INPUT DATA section start
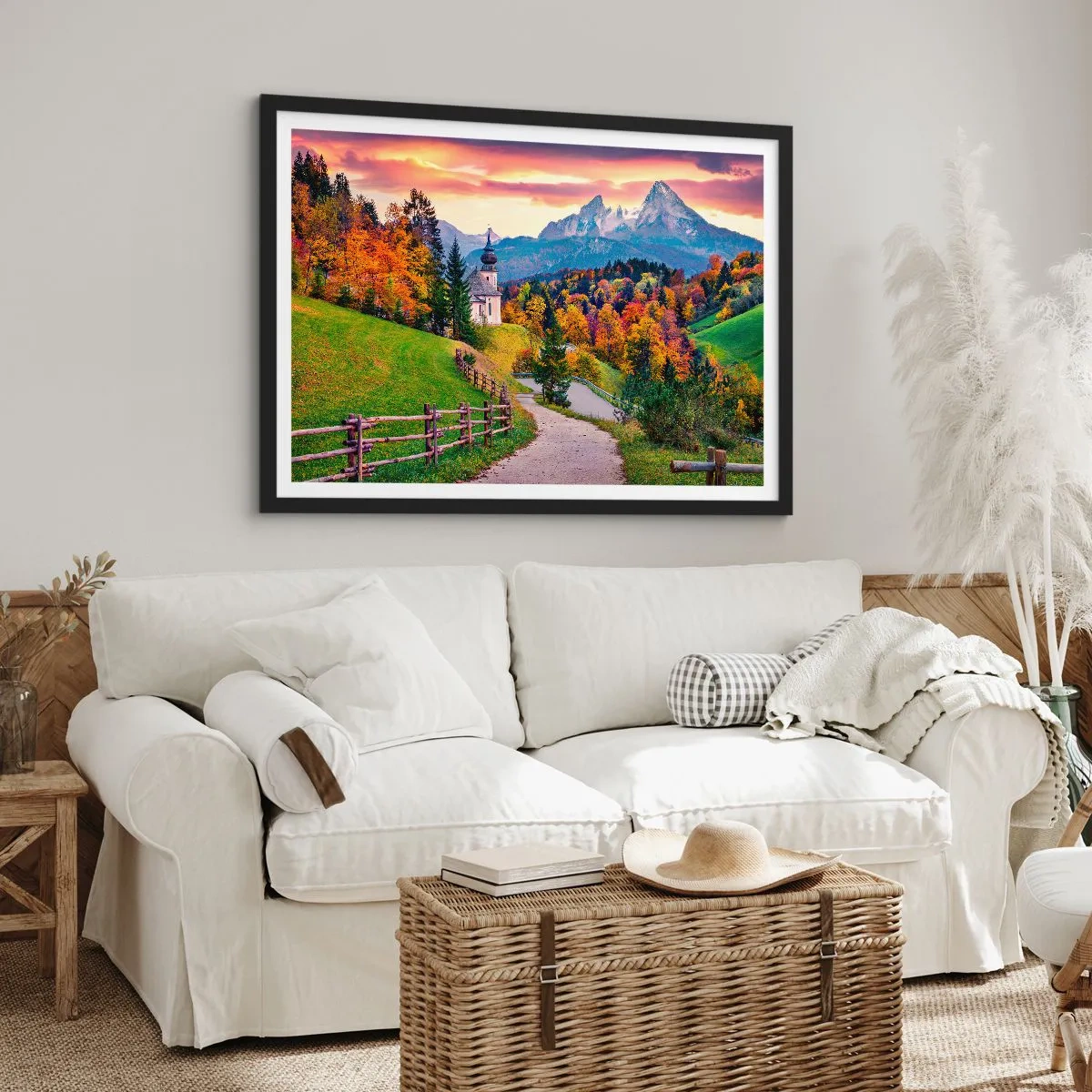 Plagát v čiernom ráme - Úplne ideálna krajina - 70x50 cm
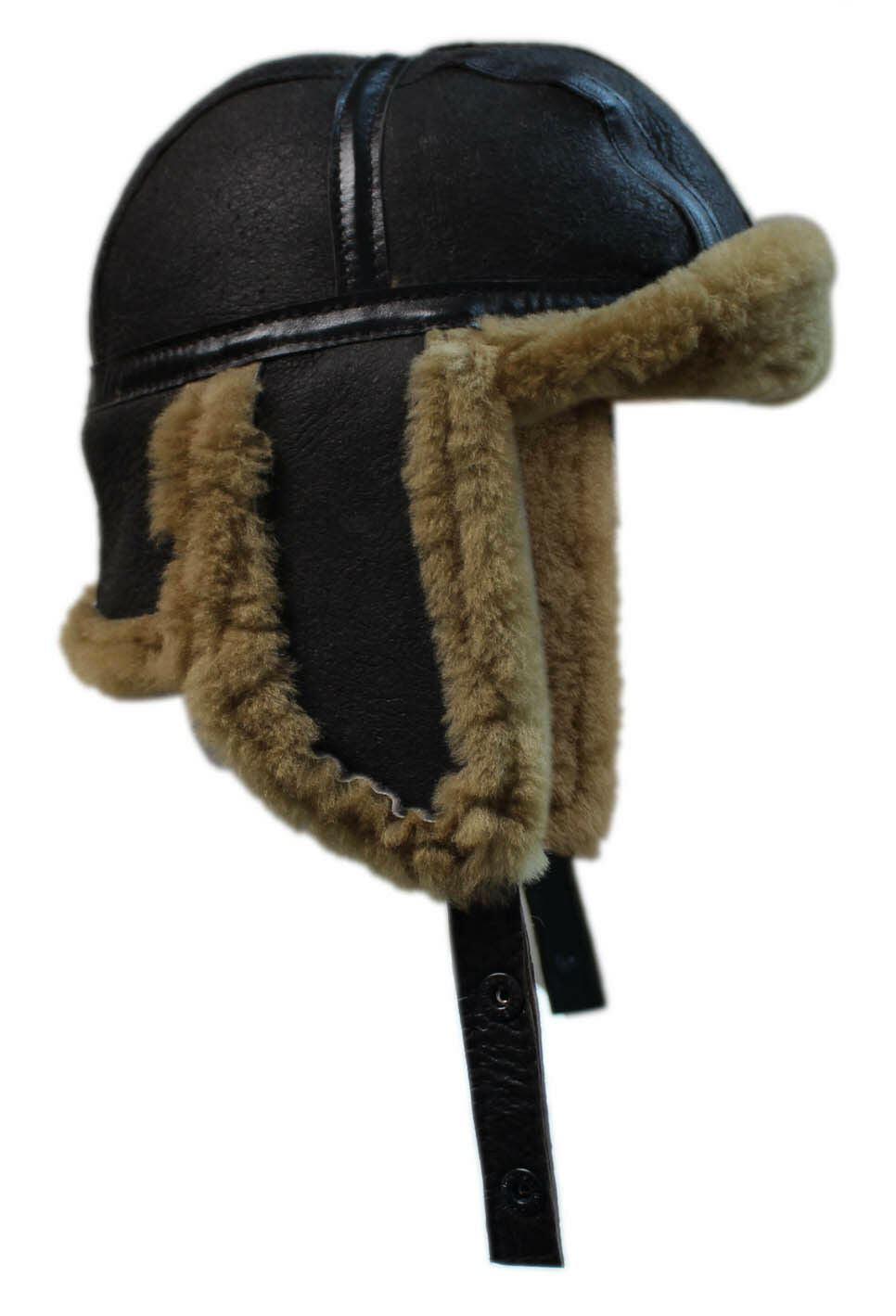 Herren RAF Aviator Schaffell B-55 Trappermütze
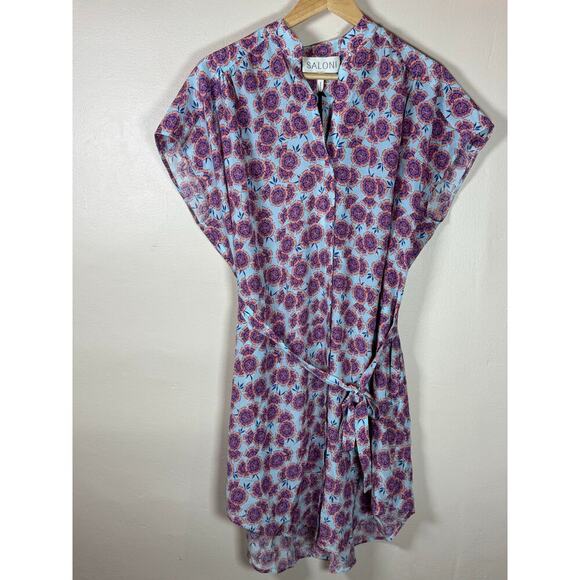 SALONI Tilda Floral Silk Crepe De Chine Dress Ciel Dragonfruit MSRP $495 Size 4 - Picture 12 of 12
INPUT DATA section end
--- ACTIVITY ---
Quote, please, only the lines running from the one with "Herren RAF Aviator" down to the final line of the data above, keeping both ends and skipping the pictures.

--- EXERCISE SOLUTION ---
 Herren RAF Aviator Schaffell B-55 Trappermütze
 SALONI Tilda Floral Silk Crepe De Chine Dress Ciel Dragonfruit MSRP $495 Size 4 - Picture 12 of 12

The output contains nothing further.